Items listed in a dataset:
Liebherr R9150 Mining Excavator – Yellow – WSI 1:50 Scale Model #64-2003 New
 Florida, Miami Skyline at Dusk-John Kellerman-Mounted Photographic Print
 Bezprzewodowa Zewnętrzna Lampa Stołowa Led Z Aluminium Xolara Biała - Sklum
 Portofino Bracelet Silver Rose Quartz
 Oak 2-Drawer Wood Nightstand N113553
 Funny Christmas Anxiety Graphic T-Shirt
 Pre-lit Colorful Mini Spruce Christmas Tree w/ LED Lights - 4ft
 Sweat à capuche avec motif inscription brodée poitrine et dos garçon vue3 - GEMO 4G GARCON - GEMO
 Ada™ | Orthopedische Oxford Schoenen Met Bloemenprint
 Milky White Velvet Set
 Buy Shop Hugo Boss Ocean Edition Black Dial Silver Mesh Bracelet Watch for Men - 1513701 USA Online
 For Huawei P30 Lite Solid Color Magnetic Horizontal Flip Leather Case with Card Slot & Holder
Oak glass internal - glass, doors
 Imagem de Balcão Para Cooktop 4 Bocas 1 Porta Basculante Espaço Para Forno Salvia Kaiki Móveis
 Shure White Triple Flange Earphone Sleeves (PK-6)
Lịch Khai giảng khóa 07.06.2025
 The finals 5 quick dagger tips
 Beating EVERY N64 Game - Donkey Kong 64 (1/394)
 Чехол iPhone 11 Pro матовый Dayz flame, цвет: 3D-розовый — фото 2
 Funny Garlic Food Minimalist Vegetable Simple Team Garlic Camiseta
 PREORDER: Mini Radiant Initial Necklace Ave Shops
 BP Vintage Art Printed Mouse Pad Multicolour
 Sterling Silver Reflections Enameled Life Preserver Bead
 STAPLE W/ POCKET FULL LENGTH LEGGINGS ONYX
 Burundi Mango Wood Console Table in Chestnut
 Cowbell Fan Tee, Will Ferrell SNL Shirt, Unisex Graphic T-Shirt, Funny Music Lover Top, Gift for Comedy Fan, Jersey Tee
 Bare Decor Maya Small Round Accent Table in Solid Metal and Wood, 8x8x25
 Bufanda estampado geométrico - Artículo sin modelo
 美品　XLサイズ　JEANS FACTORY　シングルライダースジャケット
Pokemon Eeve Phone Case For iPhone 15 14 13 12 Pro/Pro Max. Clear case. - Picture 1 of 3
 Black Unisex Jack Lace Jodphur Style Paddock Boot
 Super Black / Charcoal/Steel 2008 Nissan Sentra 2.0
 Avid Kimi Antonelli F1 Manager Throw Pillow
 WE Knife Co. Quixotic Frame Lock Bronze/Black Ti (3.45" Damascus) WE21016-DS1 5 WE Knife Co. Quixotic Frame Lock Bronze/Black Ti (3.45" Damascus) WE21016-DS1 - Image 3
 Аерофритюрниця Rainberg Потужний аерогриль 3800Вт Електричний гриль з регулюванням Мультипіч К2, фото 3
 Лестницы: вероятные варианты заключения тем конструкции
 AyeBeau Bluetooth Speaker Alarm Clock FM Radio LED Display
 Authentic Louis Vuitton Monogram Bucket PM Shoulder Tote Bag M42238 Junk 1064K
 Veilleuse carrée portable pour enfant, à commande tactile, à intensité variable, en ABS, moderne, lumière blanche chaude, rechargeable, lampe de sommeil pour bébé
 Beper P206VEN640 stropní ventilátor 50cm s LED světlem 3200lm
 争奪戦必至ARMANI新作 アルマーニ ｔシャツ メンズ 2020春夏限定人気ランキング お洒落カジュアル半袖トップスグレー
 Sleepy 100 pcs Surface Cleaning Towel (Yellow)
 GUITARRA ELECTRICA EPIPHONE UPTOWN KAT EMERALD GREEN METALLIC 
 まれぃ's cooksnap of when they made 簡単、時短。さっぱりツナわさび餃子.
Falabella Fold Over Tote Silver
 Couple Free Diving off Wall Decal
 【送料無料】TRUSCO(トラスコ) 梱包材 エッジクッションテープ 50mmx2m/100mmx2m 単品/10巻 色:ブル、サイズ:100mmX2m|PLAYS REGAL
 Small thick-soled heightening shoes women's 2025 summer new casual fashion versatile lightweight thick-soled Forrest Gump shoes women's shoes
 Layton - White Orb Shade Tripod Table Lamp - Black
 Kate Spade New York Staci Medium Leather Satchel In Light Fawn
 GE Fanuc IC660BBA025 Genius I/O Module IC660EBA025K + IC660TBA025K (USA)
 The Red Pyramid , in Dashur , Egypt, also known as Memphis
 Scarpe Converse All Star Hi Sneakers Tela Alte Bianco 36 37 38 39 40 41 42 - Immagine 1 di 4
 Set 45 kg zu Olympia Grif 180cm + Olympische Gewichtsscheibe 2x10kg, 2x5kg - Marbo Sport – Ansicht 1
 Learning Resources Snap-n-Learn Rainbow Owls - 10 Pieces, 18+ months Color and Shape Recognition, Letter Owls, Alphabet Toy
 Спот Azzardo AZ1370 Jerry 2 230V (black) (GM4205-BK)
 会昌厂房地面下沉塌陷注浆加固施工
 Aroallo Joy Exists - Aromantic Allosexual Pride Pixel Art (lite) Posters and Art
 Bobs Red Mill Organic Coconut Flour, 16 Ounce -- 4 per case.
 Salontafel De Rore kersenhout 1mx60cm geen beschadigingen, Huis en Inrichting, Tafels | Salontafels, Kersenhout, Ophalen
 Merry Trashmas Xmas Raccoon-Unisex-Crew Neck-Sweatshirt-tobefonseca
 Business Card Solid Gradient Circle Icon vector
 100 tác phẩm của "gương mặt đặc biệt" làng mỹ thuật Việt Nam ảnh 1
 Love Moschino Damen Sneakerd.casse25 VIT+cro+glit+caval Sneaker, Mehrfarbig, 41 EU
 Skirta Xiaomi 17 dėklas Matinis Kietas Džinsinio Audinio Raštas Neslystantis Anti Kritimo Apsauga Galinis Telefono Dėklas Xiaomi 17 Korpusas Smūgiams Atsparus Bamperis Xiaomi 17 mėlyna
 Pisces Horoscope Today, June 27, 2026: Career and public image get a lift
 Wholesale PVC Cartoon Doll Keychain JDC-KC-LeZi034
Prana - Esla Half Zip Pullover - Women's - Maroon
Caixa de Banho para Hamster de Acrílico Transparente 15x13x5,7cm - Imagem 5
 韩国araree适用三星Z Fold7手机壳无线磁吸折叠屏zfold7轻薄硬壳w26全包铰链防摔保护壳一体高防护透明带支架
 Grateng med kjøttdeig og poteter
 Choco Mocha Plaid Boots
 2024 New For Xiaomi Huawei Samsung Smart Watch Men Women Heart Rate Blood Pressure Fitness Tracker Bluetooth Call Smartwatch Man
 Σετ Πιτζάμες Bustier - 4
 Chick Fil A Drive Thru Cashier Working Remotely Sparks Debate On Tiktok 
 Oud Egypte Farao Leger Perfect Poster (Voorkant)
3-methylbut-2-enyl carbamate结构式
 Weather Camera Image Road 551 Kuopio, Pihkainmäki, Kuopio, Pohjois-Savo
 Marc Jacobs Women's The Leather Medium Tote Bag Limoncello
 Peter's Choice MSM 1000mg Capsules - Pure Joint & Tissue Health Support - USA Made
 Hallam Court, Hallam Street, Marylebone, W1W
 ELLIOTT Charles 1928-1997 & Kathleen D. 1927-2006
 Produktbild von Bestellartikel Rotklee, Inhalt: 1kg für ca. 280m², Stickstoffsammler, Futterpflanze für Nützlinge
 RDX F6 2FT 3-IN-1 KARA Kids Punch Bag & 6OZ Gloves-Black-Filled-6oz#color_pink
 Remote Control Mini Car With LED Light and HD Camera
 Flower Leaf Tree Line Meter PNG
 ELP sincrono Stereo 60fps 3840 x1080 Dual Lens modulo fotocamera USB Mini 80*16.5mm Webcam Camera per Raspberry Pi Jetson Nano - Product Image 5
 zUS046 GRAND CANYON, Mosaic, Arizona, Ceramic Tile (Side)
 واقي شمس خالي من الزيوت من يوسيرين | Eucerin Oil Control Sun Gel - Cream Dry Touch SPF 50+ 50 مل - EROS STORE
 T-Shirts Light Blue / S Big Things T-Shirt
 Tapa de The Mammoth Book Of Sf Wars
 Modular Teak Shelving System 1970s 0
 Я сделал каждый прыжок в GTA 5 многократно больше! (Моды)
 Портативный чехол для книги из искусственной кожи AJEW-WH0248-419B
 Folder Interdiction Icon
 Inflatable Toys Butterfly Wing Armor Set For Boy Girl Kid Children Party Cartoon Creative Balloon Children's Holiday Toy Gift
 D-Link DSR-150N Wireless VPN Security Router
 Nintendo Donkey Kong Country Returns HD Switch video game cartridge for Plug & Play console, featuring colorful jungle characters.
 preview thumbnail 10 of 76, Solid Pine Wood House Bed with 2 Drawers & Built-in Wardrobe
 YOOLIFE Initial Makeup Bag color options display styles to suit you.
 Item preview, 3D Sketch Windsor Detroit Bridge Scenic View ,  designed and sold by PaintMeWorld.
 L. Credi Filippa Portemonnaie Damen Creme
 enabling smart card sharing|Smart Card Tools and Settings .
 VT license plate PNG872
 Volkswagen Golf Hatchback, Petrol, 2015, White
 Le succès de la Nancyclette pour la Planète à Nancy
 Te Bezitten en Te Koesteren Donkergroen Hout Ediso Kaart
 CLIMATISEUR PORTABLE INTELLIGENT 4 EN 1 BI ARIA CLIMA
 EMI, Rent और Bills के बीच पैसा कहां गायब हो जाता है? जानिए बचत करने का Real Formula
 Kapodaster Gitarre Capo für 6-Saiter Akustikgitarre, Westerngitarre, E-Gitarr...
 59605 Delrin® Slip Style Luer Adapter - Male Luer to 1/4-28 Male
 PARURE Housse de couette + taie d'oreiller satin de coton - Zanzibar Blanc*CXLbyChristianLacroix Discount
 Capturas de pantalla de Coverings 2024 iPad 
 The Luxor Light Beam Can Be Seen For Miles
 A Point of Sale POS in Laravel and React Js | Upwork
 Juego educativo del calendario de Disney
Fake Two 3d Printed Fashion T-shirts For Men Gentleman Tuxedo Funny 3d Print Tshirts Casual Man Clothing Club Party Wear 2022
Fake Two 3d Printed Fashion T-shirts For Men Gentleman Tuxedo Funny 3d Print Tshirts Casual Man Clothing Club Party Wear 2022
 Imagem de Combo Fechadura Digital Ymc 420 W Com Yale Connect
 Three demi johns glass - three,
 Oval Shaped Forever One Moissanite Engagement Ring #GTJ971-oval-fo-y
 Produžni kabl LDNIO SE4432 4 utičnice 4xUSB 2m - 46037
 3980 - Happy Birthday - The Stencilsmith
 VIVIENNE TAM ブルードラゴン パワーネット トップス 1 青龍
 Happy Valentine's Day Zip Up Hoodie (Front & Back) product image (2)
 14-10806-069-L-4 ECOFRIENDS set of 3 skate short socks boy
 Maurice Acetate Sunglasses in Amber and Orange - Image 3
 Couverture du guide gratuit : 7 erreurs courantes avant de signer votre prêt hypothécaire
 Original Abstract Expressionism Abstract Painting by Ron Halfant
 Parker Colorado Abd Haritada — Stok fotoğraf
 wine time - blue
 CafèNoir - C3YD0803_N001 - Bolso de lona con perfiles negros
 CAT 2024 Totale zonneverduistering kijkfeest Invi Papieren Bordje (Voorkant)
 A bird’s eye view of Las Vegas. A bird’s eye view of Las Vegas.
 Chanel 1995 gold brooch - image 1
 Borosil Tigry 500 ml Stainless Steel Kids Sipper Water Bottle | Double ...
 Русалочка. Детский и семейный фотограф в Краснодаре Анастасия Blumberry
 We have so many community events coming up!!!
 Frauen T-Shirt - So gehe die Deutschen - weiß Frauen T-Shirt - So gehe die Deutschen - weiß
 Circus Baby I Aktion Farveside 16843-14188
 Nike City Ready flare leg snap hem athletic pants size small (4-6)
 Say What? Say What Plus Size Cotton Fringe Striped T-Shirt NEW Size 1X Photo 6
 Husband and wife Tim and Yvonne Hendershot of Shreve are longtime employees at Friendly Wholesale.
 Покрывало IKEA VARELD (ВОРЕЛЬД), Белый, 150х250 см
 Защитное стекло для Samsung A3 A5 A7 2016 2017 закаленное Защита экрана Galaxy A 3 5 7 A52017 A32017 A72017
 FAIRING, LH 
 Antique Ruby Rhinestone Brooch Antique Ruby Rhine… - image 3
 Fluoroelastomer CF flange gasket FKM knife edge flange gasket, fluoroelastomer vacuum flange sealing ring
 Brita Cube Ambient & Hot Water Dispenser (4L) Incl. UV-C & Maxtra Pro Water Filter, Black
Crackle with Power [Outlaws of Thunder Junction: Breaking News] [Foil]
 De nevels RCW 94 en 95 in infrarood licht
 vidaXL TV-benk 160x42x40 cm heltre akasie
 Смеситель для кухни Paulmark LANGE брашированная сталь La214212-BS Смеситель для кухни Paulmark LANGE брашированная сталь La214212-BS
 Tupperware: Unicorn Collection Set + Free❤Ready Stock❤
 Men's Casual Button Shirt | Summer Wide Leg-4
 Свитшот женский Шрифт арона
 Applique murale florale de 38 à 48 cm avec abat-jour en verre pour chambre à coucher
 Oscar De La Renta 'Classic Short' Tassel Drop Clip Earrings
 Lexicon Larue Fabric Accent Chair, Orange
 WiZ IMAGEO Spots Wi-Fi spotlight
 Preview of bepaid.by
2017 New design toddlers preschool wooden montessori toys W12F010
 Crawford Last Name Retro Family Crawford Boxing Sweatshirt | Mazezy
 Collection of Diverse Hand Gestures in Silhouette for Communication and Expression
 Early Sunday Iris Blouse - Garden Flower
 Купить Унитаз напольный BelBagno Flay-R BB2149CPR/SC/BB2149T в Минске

**Problem description:**
Only the number is wanted: how many lines of these entries contain the string "Damen"?

**Task answer:**
2